Echo Chambers – The Concequence of a Customizable Online Feed

The advent of digitization and social media has allowed people to customize exactly what they see on their Twitter, Facebook, Reddit etc. front page and feeds. Inclusion does not exist without exclusion which creates a potentially problematic situation when it comes to tailoring what you are surrounded with online. Most people, myself included, exclusively subscribe to things online that they are interested in, line up with their beliefs, values, stances on socio-political issues, hobbies etc. and leave out the things they do not care for. The problematic part of this situation is that one essentially is surrounded by other people and sources of information that exist to confirm whatever you already believed from the start. There are few offering alternative perspectives, opinions and information. It creates the illusion that whatever you believe in is some sort of objective truth or the ‘best’ stance or opinion to have …since everyone else (supposedly) holds it too. If one only follows people on Twitter that are pro-choice in the abortion debate then naturally all of their opinions will seem perfectly logical and you’ll agree with them all the time. One wouldn’t see the opposite side of the debate and their reasoning for it, effectively just closing your eyes and covering your ears to anything that does not undoubtedly agree with your viewpoints. Of course, you could manually search up the hashtags and online personalities of opposing stances and learn their points, but really, how many people do that?
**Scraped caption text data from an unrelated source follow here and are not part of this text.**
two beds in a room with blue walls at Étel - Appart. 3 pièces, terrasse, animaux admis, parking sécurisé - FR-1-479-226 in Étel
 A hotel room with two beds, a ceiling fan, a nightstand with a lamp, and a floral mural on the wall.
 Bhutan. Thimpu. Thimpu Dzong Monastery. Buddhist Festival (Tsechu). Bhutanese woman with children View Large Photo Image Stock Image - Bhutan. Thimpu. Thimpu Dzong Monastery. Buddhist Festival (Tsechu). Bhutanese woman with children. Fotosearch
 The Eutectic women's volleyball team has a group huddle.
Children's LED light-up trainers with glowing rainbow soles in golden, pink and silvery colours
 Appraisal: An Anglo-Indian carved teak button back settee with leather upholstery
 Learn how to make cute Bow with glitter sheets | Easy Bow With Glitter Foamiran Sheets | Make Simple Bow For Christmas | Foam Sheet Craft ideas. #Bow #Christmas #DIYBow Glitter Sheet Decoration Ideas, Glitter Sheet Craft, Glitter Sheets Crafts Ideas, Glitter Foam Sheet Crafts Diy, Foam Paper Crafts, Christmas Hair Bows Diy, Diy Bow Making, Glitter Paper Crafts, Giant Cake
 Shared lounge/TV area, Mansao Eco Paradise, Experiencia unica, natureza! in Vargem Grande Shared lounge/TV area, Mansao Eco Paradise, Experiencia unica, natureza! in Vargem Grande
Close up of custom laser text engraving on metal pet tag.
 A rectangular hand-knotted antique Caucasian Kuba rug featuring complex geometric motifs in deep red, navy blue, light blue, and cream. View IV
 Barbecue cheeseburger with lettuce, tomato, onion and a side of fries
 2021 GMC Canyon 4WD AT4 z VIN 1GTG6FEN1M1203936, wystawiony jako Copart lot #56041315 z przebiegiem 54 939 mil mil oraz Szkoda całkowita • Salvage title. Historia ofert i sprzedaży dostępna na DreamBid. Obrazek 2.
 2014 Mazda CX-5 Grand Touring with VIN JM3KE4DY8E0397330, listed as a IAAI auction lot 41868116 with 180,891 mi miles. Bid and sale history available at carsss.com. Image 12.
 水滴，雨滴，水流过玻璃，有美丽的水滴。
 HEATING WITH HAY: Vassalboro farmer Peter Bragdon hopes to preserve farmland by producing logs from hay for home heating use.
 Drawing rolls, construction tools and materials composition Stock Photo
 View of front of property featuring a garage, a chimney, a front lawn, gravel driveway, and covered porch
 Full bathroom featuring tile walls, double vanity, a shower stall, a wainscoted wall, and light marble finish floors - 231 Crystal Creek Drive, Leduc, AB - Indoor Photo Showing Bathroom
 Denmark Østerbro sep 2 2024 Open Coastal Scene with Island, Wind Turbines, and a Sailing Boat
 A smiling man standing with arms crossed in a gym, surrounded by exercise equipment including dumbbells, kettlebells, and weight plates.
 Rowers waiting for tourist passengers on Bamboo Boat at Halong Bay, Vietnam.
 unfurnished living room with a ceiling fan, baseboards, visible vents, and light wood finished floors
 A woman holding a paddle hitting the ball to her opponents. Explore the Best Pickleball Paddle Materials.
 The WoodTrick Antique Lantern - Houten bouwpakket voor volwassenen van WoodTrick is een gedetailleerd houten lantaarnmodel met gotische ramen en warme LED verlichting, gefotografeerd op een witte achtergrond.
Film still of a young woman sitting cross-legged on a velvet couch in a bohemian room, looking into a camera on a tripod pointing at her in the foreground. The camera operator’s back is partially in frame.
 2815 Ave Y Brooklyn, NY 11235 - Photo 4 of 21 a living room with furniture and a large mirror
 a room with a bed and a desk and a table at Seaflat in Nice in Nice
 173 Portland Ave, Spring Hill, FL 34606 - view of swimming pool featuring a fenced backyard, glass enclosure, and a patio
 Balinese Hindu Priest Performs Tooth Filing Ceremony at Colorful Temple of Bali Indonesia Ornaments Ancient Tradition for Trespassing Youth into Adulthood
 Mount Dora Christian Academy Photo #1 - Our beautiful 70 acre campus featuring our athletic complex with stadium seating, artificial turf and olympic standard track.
Reddit is most likely the best example of the ‘echo chamber’ phenomenon occurring in social media. While Facebook only has the ability to ‘react’ to comments and posts with various emojis to briefly represent your opinion, Reddit has a binary upvote/downvote system across the entire site, moderators that police comments according to a set of rules set by each subreddit (subforum) and awards such as silver, gold, platinum that can be bought for a comment. Comments that people like can be upvoted and the more it is upvoted, the higher up it rises. If a comment was posted an hour ago and has 1000 upvotes, it’ll be far above the comment that was posted 5 minutes ago and has 1 upvote. Naturally, the comments seen at the top due to upvotes will be further upvoted by those that find it funny, agree with what it says or upvote it for any other reason, while the comment posted 5 minutes ago will remain hidden to most people (assuming there are a significant amount of comments already). The worst part is that comments that are downvoted a certain amount are effectively ‘hidden’ by Reddit at the bottom of the page and require a manual click by users to read what was said. If you visit a subreddit dedicated to a certain political figure and their supporters and you offer an opposing view to one of their policies or flat out disagree with them, chances are you will be downvoted to the point of being hidden and perhaps even banned by moderators. Opposing views are hidden/silenced/removed while those that go with the flow are upvoted to the top and the cycle continues.

Of course, you can also just follow cute dog content, smile at your feed and go on about your day.